Actually, I think the discussion was the consequences of enacting laws intended to drive people away. But if you really want to discuss the consequences of enforcing existing laws in Main Street America, okay, I can roll with that.
Legalizing illegal drugs would be a help. I'm not sure all those empty stores would be snatched up by drug dealers in the fashion you seem to be thinking they will. But it might help government revenue if taxed. That said, if we're going to talk about the economic impact on smaller towns, I think immigration is the more important issue. Running customers and workers out of town is going to be bad for business whether there are folks selling narcotics legally or not.

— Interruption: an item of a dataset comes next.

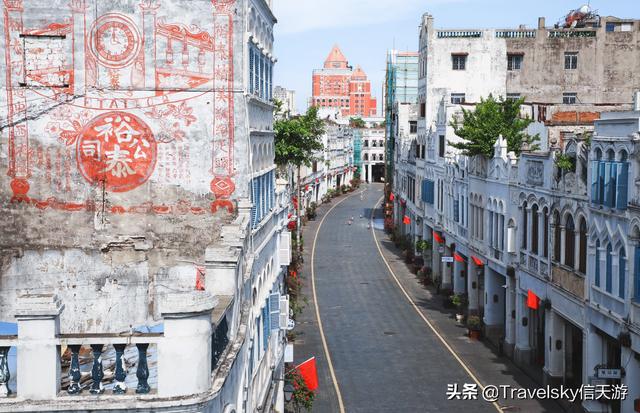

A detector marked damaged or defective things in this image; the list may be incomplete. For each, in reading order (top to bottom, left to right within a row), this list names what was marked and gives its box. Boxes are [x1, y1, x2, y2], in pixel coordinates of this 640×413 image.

Believe it or not, my major focus in these issues is not the government or the law. My focus is the people. I criticize the law when I think the law is bad for the people. If the law is bad, discussing how to enforce it better is then not solving the problem. Making more laws like it is then not the solution. The solution is to change or, if necessary, eliminate the law. But here, in the article from which I took excerpts, we have the story of a town that enacted a law that drove customers and employees out of town. And there are people saying this is a good thing. I'm watching the public debate on immigration be about whether we should have a wall or a fence, and how many armed guards do we need patrolling the border. If anyone suggests we don't need any of that, someone with your general response about rewarding lawbreakers chimes in, or worse, someone decides to talk about how the immigrants are going to ruin America.

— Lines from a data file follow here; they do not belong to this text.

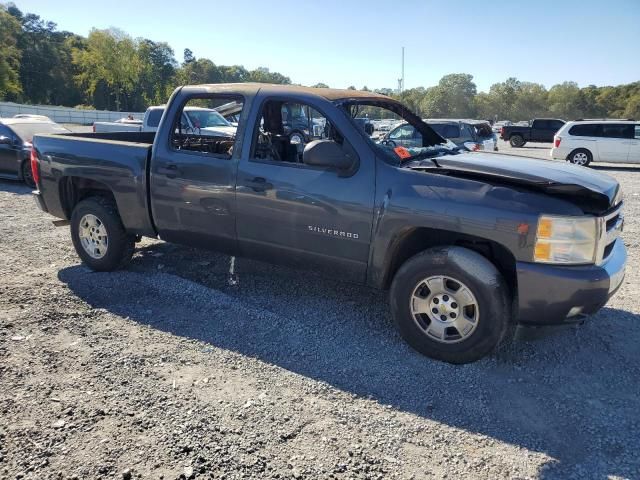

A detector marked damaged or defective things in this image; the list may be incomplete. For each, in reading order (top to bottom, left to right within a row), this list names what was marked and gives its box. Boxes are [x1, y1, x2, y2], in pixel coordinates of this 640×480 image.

damaged front hood [408, 152, 624, 212]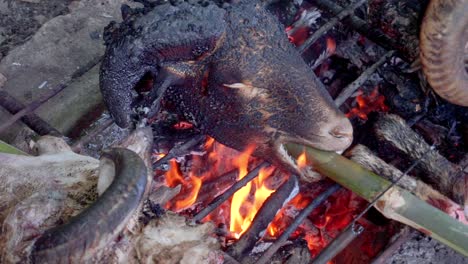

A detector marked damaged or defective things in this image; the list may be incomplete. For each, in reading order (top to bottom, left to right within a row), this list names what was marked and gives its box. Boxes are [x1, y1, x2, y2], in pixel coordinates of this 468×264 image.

burned goat head [100, 0, 352, 179]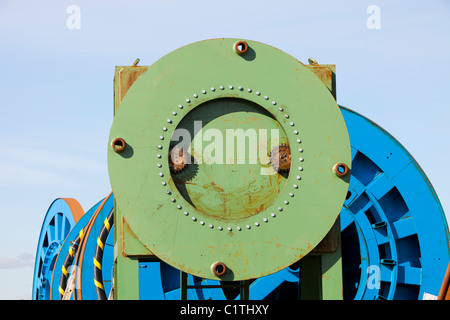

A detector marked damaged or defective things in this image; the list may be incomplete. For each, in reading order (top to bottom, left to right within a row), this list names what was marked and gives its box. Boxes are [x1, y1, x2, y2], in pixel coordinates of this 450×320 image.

rusted bolt [332, 162, 350, 178]
rusted bolt [210, 262, 227, 278]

Of course, open trade would help a great deal to elevate the economic fortunes of other countries and thus lessen the massive flow of immigrants to the U.S. to make a living. But of course, we can't do that either, because everyone thinks we're in some sort of competition with other countries and that if they rise then we fall, that we'll some how loose points in the great trade game. This is not true of course, but it is the conventional wisdom. So we seek our protectionist policies and any suggestion of opening up trade is met with complaints about protecting American jobs and loss of national sovereignty and all that jazz. The thing is, this doesn't just hurt the people in other countries, this also hurts Small Town/Main Street America. Hurt is relative, because we're generally pretty well off here in America, but we could be doing better, if we'd just let ourselves.

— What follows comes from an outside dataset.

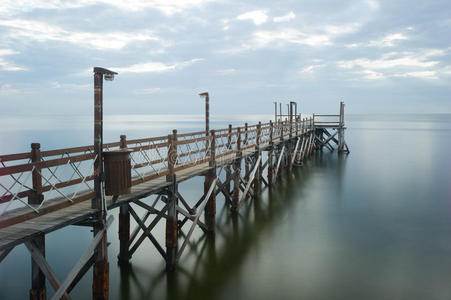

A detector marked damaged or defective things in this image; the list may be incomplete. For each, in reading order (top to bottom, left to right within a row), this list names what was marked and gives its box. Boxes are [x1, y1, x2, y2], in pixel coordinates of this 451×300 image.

rusty metal post [28, 144, 46, 298]
rusty metal post [92, 67, 115, 300]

But we don't. We'd rather just make more laws to interfere with trade and immigration in name of protecting American values. I'm not sure why sugar subsidies and strict control of immigration are American values, but they must be. And meanwhile, folks in Riverside, New Jersey, get to see their businesses suffer and see some of their neighbors happy about it. And I'm left wondering why I really have to defend the idea that maybe we ought to consider getting rid of the laws that are doing us more harm than good.
So anyway, I'm still not entirely clear why you're trying to bring drug dealers into this. It seems like an odd tangent. Yes, I know, legalizing illegal activity and all, but how does this address the immigration problem? Or is your goal in this discussion something else?